Manual Preprocessing

While EegFun.jl provides the automated preprocess() pipeline for batch processing, you may want to manually control each step of preprocessing for exploration, customization, or teaching purposes. This tutorial explains the why and when behind each preprocessing step.

See the [preprocessing_workflow demo](../demos/workflows/preprocessing_workflow.md) for a complete working example. The automated equivalent of this workflow is documented in [Batch Processing](batch-processing.md).

The Preprocessing Philosophy

EEG preprocessing is a balancing act between removing noise and preserving signal. Every step involves trade-offs:

Too lenient artifact rejection → contaminate your ERPs
Over-reliance on ICA → remove brain activity that correlates with artifacts

The goal is to make data cleaner without making it artificial.

Step-by-Step Rationale

1. Load Data and Configure Layout

julia

dat = EegFun.create_eegfun_data(raw_data, layout)
EegFun.polar_to_cartesian_xy!(layout)   
EegFun.polar_to_cartesian_xyz!(layout)  
EegFun.get_neighbours_xy!(layout, 0.4)

Why?

2D coordinates: Required for topographic plots
3D coordinates: Required for advanced interpolation (spherical spline)
Neighbors: Pre-calculated for efficient channel repair

When to Customize?

Adjust neighbour distance based on electrode density — the distance is in normalized units where 1.0 = the scalp equator.
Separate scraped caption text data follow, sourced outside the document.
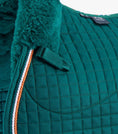 Load image into Gallery viewer, Description:Close Contact Merino Wool European Saddle Pad - GP/Jump Square_Colour:Green/Green Wool_Position:4
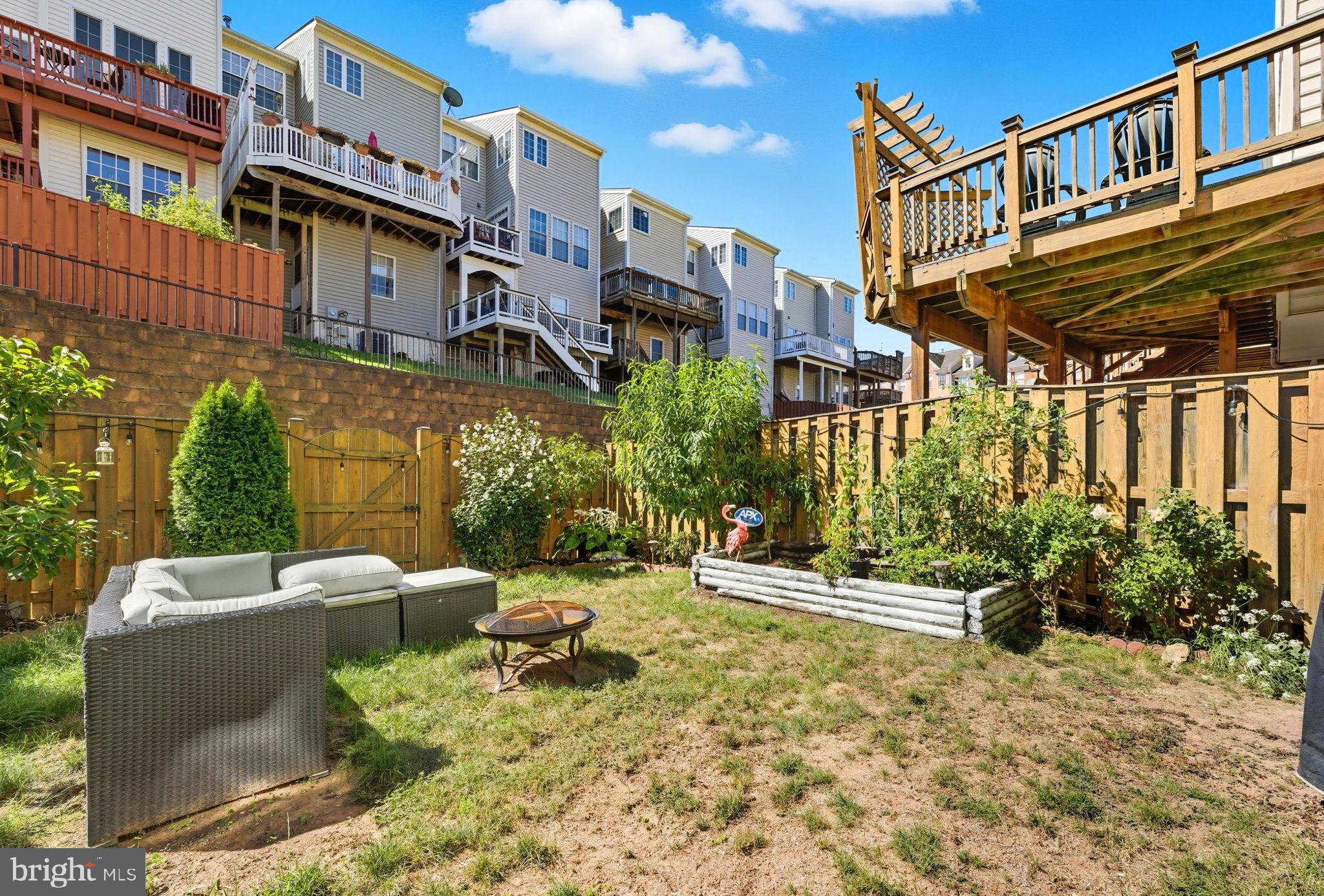 EDWARDS LANDING - Residential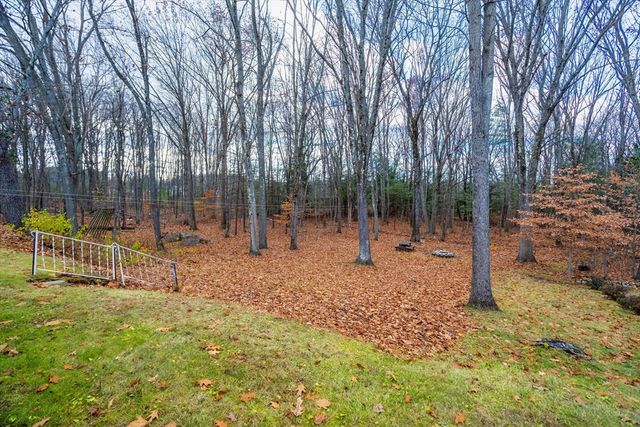 199 Barthel Ave, Gardner, MA 01440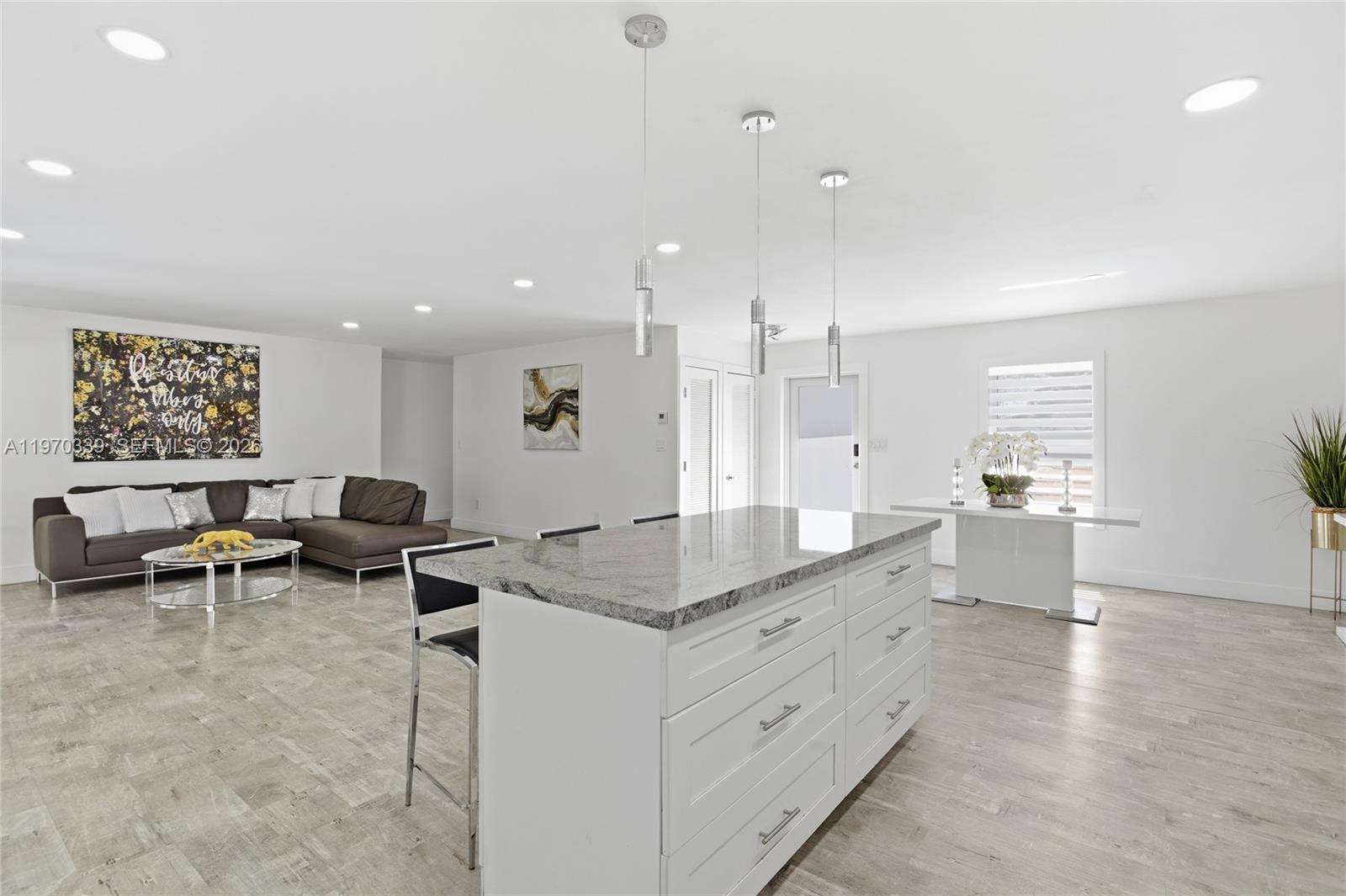 WINSTON PARK UNIT THREE - Residential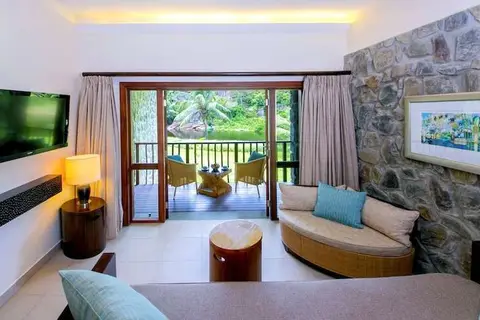Kempinski Seychelles Resort in Baie Lazare — foto 23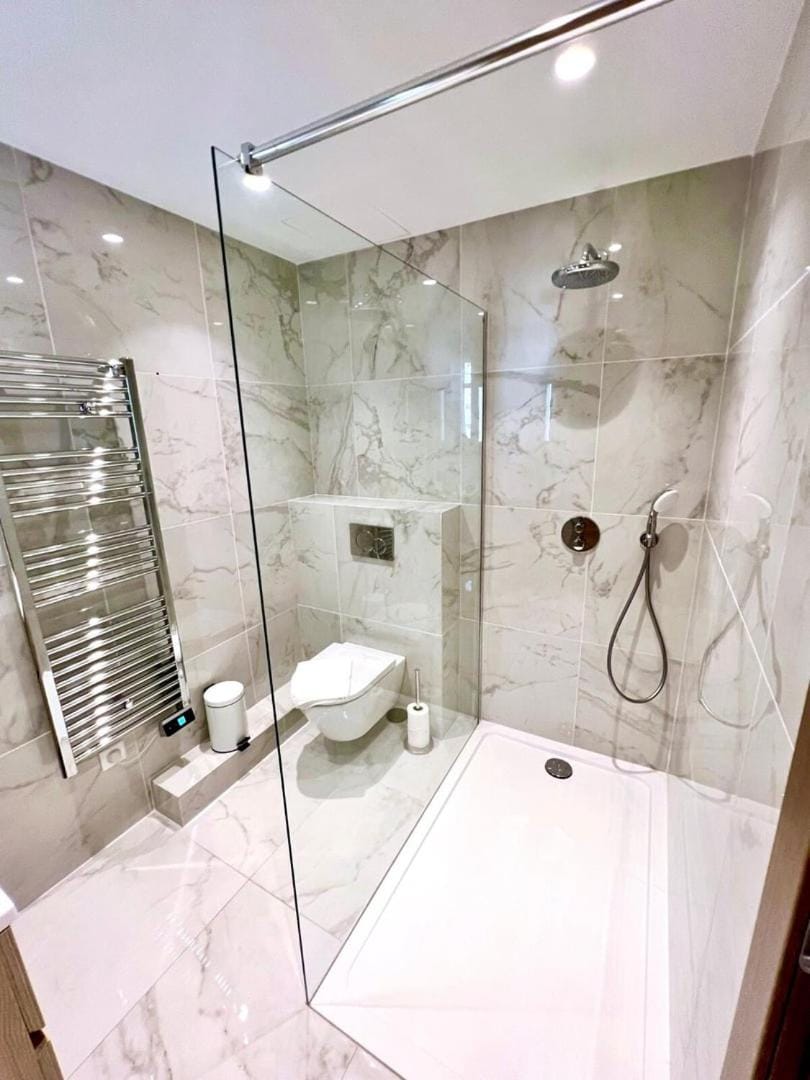 L'Elégance Rue d'Antibes - Palais & Plages - 200 m Croisette - Parking privé - Clim - Wifi Apartment in Cannes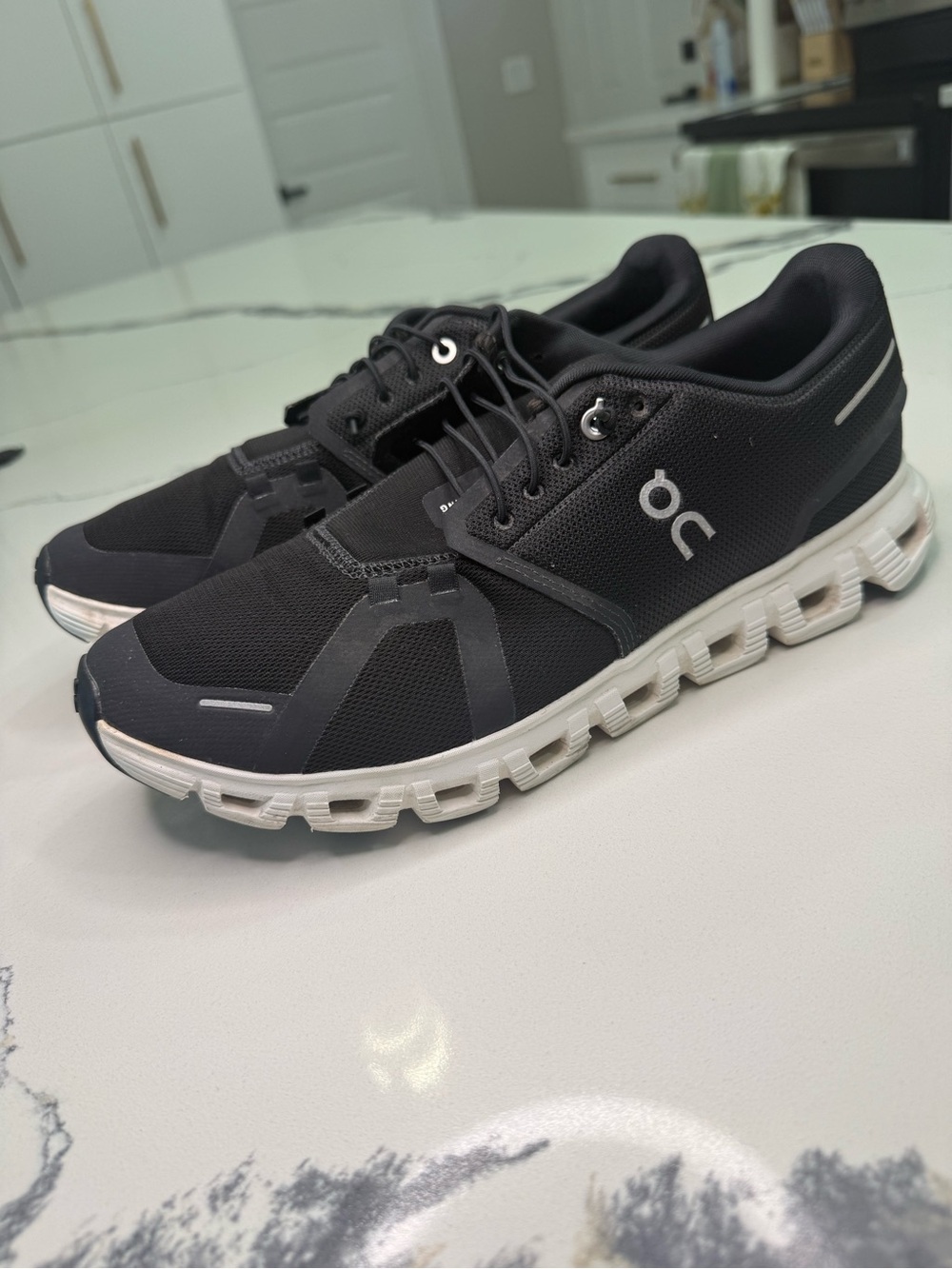 On Running Cloud 6 Men's Shoes Size 10 Black White Sneakers 3MF10070299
Think of it as a fraction of the head radius: 0.4 means "neighbours within 40% of the head radius"
Higher density arrays (e.g., 128 channels) may need smaller radius (~0.3)

2. Mark Epoch Windows

julia

EegFun.mark_epoch_intervals!(dat, epoch_cfg, [-0.2, 1.0])

Why?

Creates a boolean column :epoch_interval in your data, allowing you to:

Exclude inter-trial intervals from artifact detection
Focus EOG correlation analysis on epochs

When to Skip?

If you want to analyze the entire recording (e.g., resting-state data), skip this step.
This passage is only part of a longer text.